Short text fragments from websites

■ ■ ■ ■ ■

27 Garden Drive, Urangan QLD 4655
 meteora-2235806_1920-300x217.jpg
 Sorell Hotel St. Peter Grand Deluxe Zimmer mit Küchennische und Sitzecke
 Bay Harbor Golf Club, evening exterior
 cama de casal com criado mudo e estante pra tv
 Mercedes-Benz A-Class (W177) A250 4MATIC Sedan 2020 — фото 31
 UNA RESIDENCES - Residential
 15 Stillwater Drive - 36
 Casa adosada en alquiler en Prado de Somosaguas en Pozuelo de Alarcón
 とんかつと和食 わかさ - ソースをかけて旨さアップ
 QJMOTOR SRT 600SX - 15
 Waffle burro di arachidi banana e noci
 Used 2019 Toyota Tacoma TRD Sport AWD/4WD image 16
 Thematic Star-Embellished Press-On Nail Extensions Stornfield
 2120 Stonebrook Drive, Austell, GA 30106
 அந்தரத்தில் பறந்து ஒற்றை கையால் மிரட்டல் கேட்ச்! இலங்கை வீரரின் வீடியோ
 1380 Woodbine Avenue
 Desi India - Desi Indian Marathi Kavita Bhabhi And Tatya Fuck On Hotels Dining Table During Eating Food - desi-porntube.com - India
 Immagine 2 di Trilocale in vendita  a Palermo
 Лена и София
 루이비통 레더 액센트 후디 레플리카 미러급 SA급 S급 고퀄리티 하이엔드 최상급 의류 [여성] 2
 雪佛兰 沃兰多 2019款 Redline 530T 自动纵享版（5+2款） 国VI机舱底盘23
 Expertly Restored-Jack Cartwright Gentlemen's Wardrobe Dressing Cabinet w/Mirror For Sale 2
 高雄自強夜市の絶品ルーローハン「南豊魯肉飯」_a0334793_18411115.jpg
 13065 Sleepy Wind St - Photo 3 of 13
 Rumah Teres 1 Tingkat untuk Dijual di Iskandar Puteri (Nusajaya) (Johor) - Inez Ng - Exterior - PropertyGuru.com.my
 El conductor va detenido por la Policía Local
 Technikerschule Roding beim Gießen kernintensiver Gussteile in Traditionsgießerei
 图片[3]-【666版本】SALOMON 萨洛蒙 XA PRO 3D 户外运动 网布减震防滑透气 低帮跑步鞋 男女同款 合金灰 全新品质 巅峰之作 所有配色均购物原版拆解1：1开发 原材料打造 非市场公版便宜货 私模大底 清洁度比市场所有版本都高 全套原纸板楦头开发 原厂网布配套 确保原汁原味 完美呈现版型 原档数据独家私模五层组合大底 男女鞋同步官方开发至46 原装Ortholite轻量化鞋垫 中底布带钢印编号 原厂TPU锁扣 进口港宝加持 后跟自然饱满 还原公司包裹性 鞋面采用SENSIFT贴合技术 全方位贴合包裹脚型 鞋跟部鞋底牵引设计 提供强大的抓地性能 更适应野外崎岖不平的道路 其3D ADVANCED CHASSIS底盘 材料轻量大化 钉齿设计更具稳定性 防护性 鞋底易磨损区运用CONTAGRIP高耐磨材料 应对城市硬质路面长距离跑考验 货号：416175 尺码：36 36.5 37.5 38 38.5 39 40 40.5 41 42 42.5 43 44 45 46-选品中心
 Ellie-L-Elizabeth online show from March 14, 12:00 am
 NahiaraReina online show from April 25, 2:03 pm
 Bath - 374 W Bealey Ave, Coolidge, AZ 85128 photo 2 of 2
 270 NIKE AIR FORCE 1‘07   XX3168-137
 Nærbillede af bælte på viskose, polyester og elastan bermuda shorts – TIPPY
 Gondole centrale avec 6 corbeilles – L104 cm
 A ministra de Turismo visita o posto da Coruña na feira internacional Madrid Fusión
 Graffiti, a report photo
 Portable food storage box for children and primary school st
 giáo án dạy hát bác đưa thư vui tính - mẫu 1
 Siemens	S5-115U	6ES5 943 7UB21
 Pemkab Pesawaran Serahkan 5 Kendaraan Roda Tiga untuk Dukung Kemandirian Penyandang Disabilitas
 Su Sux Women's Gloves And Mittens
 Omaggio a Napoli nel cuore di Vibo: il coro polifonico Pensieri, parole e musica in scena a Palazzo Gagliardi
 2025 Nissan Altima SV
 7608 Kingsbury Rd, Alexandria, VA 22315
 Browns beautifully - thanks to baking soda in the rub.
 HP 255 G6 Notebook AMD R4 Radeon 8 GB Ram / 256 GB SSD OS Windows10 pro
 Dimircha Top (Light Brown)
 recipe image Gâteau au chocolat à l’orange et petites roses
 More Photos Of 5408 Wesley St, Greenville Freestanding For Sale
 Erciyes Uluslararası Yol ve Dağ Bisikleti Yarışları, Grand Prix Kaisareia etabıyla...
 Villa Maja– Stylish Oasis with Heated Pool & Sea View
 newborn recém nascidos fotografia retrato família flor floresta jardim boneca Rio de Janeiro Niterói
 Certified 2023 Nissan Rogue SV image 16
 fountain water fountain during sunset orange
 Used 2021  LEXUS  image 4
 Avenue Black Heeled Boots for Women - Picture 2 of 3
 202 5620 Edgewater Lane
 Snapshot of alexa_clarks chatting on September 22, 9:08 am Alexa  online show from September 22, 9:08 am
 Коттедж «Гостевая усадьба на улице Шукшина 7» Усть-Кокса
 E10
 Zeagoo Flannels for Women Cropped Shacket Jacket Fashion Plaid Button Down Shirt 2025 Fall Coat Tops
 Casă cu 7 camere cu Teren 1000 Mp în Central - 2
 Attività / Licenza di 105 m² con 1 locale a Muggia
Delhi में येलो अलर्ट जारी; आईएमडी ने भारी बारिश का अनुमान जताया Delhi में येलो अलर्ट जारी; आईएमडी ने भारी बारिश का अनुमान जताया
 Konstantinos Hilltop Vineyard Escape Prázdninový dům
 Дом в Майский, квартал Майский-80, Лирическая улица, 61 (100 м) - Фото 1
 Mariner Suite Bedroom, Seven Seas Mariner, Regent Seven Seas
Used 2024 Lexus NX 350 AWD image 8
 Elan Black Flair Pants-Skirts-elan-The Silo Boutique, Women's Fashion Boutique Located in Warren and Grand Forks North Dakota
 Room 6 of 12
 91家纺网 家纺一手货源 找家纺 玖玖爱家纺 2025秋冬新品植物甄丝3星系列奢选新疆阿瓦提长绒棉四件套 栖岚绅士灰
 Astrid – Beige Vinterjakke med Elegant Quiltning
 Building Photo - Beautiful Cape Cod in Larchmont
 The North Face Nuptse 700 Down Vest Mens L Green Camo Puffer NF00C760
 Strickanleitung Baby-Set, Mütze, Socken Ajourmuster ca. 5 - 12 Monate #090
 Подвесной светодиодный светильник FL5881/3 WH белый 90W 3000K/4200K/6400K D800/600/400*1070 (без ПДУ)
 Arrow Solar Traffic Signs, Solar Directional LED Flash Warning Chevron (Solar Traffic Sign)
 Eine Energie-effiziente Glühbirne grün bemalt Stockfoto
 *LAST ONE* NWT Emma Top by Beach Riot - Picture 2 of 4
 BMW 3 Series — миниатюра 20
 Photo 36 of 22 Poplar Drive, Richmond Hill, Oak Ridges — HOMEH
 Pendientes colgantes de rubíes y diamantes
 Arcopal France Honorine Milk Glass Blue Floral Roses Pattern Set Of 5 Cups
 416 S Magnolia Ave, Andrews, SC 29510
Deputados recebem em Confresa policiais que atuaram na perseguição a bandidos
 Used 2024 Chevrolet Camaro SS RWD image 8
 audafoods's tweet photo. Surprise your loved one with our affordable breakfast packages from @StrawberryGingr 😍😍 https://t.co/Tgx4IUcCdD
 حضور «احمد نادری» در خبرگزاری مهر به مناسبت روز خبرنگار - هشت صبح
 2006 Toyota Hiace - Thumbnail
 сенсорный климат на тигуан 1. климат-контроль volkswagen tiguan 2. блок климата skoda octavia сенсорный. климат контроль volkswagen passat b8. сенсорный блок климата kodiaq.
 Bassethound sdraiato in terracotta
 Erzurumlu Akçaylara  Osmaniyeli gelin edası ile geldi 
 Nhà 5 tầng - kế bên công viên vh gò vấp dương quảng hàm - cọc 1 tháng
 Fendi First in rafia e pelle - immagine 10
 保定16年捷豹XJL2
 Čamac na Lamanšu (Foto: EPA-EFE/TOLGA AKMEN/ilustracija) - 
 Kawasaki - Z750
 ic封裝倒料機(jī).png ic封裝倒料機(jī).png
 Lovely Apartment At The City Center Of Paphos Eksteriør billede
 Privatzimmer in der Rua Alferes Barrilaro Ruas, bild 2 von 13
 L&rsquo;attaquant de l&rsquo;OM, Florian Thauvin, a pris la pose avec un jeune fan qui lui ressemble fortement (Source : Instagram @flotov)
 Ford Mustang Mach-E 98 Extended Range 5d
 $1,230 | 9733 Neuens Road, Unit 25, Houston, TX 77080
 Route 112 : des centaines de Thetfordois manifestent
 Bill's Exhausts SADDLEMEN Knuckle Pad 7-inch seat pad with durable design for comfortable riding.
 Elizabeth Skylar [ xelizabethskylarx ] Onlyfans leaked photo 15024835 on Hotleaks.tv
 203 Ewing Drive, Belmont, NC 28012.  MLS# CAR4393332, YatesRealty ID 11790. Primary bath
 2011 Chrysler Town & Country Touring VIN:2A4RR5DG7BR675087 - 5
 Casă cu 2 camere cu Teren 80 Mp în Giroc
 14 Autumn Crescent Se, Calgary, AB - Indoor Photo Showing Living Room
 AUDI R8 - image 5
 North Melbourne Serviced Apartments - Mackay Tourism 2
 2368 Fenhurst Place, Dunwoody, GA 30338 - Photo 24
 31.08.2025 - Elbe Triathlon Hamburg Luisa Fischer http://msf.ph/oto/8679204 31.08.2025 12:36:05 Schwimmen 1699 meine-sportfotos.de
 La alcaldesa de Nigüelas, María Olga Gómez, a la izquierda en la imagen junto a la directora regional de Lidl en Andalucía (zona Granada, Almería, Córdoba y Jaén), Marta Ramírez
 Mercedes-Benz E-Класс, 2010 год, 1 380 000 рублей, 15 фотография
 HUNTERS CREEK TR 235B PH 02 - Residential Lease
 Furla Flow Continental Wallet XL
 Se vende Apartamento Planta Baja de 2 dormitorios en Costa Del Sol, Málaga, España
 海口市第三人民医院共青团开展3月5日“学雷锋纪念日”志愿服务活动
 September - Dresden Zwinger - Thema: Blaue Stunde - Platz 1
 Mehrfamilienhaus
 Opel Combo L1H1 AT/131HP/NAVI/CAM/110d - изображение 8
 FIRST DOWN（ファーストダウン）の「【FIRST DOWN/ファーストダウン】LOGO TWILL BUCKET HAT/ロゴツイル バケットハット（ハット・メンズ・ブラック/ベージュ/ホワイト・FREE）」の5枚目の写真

■ ■ ■ ■ ■

▶ _Work required_:
Retype exactly, and only, the lines above from the one where "Zeagoo Flannels for" occurs up to and including the one where "Used 2024 Lexus NX 350 AWD image 8" occurs.

▶ _Written response_:
 Zeagoo Flannels for Women Cropped Shacket Jacket Fashion Plaid Button Down Shirt 2025 Fall Coat Tops
 Casă cu 7 camere cu Teren 1000 Mp în Central - 2
 Attività / Licenza di 105 m² con 1 locale a Muggia
Delhi में येलो अलर्ट जारी; आईएमडी ने भारी बारिश का अनुमान जताया Delhi में येलो अलर्ट जारी; आईएमडी ने भारी बारिश का अनुमान जताया
 Konstantinos Hilltop Vineyard Escape Prázdninový dům
 Дом в Майский, квартал Майский-80, Лирическая улица, 61 (100 м) - Фото 1
 Mariner Suite Bedroom, Seven Seas Mariner, Regent Seven Seas
Used 2024 Lexus NX 350 AWD image 8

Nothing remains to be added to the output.